An exact copy is needed of the lines from the one that contains "Women's A Line" through the final line of the data below, with pictures left out.

AVAILABLE DATA:

━━━━

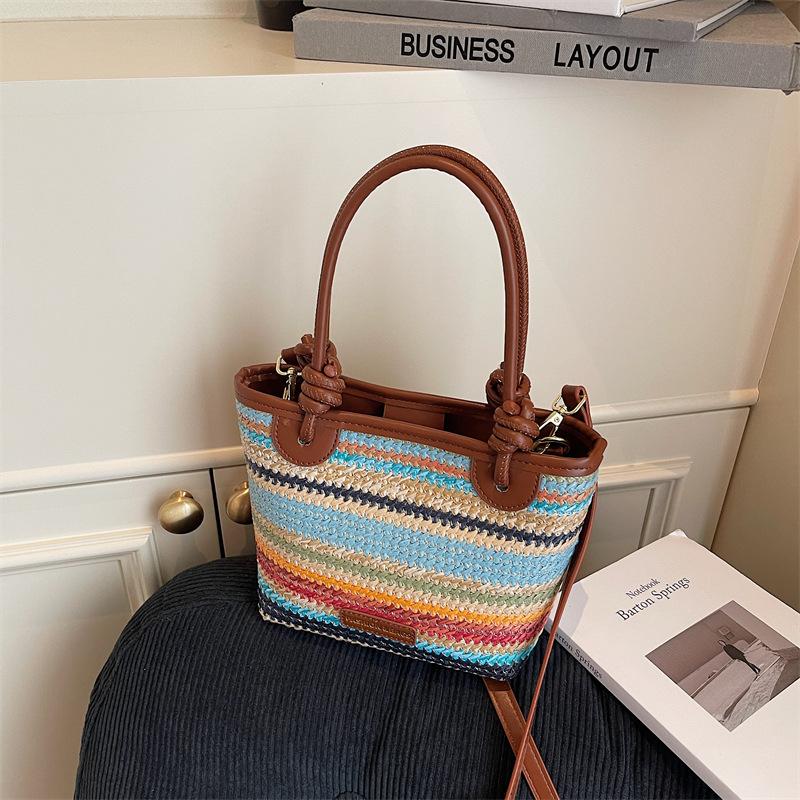 Weaving large capacity high quality soft durable fashion exquisite lightweight commuting outdoor beach crossbody bag shoulder bag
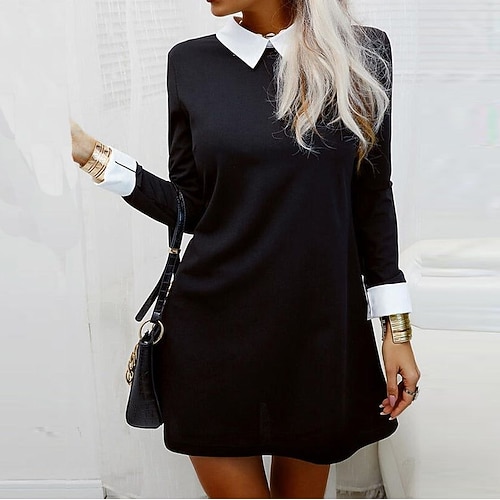 

Women's A Line Dress Short Mini Dress Black Long Sleeve Solid Color Ruched Spring Summer Shirt Collar Elegant Casual 2022 S M L XL XXL 3XL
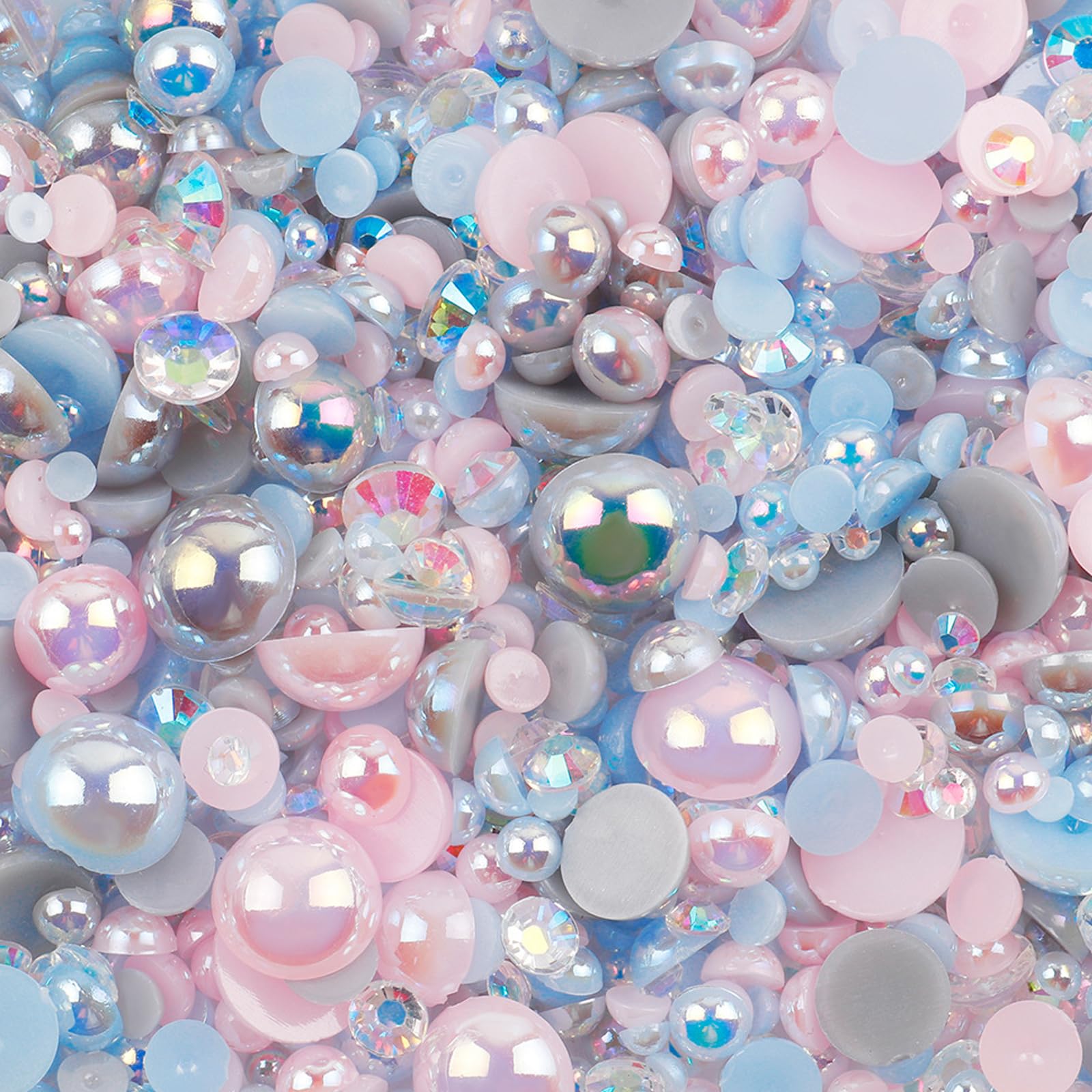 Photo 1 of 100g Flat Back Half Pearls for Crafting, 5000PCS Half Round Pearl Beads for Crafts Mixed Sizes 2-10mm AB Color Plastic Pearls and Resin Rhinestones for Nail Art Tumble Sock Mug Shoes Cocs DIY Making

━━━━

RESULT FOR THIS TASK:
Women's A Line Dress Short Mini Dress Black Long Sleeve Solid Color Ruched Spring Summer Shirt Collar Elegant Casual 2022 S M L XL XXL 3XL
 Photo 1 of 100g Flat Back Half Pearls for Crafting, 5000PCS Half Round Pearl Beads for Crafts Mixed Sizes 2-10mm AB Color Plastic Pearls and Resin Rhinestones for Nail Art Tumble Sock Mug Shoes Cocs DIY Making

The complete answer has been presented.